Но тёплое отношение к Твери осталось у Салтыкова навсегда, и память о бурных месяцах начала Крестьянской реформы, сочетавшихся с тверской служебной рутиной, стала для него дорогой и поучительной страницей жизни.
«Русская правда» и современники
Эффектность ухода Салтыкова с поста тверского вице-губернатора видна нам из пространства времени: исполняя должность губернатора, Михаил Евграфович обеспечил необходимое собрание своих земляков – чрезвычайный съезд дворян Тверской губернии, а когда он начался, избавил себя от вынужденной необходимости стать его разгонщиком. В дни съезда Салтыкову обеспечилось положение удивительное: прошение об отставке (очевидно, согласованное) подано, но императорского указа ещё нет. Важные подробности этих дней мы знаем благодаря усилиям краеведа Николая Венедиктовича Журавлёва, подготовившего серьёзную документальную базу для реконструкции тверских страниц жизни Салтыкова.
В областном архиве Журавлёв отыскал относящиеся к началу февраля 1862 года письма сыну предводителя бежецкого уездного дворянства, депутата Тверского дворянского собрания от Бежецкого уезда Фёдора Михайловича Лодыгина. В письме 1 февраля читаем: «Наш вице-губернатор, известный вольнодумец, подал в отпуск и по слухам не вернётся к должности, говорят, что ему предложил это Ланской». Это действительно слухи: Ланского, покровительствовавшего Салтыкову, в кресле министра внутренних дел почти год как сменил Валуёв (а Ланской, между прочим, так совпало, скончался накануне тверских событий – 26 января 1862 года). Возможно, здесь отзываются долгие тверские пересуды о том, что Ланской не раз привлекал Салтыкова к разрешению серьёзных министерских вопросов и вполне мог способствовать его продвижению по службе. Но, главное, речь в письме идёт не об отставке, а об отпуске. О том, что Салтыков попросился в отставку, Лодыгину ещё неведомо.

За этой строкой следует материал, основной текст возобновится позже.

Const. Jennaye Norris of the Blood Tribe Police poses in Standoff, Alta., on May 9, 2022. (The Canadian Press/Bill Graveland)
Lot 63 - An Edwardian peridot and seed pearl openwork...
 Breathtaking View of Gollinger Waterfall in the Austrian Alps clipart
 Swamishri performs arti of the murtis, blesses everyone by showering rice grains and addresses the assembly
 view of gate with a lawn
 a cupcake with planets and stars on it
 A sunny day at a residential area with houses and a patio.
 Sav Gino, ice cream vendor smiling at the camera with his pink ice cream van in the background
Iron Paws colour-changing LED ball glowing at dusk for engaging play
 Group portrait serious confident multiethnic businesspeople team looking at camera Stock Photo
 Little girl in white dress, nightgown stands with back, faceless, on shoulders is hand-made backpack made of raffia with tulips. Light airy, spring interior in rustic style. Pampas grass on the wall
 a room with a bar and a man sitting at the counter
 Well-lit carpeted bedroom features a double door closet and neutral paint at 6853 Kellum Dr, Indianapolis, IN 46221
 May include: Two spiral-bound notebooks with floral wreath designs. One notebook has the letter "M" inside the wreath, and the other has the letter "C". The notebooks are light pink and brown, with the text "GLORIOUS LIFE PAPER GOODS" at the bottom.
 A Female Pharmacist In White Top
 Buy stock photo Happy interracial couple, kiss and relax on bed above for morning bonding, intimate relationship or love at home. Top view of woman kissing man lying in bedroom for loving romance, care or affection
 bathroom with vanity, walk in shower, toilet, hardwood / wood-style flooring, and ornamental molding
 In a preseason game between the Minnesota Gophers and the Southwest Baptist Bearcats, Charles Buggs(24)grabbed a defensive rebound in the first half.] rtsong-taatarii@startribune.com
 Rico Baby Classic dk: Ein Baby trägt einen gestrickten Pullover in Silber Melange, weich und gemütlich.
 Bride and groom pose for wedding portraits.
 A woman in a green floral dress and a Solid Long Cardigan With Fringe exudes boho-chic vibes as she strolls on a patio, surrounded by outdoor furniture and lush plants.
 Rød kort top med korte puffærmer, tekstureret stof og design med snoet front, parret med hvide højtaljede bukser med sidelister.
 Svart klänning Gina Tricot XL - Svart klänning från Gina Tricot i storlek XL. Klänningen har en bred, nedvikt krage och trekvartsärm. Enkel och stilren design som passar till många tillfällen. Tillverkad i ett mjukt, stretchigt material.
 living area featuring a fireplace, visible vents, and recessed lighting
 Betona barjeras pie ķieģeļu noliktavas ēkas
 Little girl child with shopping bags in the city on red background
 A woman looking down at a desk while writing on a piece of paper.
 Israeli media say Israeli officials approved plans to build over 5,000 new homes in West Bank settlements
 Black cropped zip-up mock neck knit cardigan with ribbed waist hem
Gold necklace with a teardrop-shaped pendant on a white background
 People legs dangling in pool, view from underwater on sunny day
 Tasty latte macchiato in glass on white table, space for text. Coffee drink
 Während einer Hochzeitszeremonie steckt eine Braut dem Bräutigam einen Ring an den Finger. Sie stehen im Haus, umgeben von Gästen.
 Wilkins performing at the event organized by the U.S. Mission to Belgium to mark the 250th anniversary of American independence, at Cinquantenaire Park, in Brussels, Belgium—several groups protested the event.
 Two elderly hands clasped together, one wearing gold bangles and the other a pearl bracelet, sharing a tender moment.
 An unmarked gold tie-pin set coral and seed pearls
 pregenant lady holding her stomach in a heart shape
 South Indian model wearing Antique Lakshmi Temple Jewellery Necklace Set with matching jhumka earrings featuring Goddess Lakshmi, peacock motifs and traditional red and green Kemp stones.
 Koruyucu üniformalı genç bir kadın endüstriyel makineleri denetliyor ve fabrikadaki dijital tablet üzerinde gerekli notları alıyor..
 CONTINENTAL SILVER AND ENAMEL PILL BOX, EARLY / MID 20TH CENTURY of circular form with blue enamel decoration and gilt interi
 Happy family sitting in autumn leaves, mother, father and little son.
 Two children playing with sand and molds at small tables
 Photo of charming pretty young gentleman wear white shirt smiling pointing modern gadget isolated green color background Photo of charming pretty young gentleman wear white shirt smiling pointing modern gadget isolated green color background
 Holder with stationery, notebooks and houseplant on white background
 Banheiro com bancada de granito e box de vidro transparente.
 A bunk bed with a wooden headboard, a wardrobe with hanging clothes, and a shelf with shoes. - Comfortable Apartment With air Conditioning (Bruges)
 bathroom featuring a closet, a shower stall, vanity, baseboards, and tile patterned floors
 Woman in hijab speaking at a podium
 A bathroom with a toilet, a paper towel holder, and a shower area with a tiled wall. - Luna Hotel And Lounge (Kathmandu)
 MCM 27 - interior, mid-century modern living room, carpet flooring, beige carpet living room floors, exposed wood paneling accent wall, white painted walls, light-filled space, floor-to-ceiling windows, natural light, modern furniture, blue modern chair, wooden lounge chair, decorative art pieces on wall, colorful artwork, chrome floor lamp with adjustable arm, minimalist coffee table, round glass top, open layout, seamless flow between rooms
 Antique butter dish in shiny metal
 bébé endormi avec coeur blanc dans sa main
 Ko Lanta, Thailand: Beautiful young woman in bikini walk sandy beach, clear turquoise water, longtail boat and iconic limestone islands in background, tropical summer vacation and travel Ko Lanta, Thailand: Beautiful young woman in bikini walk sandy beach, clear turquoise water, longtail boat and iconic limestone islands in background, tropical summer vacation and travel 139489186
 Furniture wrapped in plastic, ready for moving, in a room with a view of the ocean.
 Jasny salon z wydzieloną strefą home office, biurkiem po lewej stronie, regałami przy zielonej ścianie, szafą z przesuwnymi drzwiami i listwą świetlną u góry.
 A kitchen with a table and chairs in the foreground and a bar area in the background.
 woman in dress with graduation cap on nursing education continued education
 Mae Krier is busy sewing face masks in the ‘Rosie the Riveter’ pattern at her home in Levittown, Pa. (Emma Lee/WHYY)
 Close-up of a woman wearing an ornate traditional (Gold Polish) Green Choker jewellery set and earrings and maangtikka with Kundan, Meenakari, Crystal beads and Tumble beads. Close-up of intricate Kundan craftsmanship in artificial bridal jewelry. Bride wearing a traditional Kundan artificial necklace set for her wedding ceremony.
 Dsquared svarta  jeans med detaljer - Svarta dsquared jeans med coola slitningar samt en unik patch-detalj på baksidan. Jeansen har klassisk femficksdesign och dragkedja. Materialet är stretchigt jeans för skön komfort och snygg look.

Но в его письме сыну от 7 февраля уже иное: «Красный наш вице- к должности более не вернётся; он уже подал в отставку. Но в Собрание ездил все дни». Скорее всего, о своей будущей отставке сообщил участникам съезда сам Салтыков. Тем самым он, не будучи депутатом чрезвычайного собрания, достойно, без вздутого пафоса объявлял о своей поддержке преобразований – как один из тверских помещиков, свободный от административных рангов. Журавлёв также проанализировал сохранившиеся черновики текста обращения тверских дворян к императору Александру II (так называемый «адрес») и высказал предположение, что он был «если не написан, то отредактирован Михаилом Евграфовичем».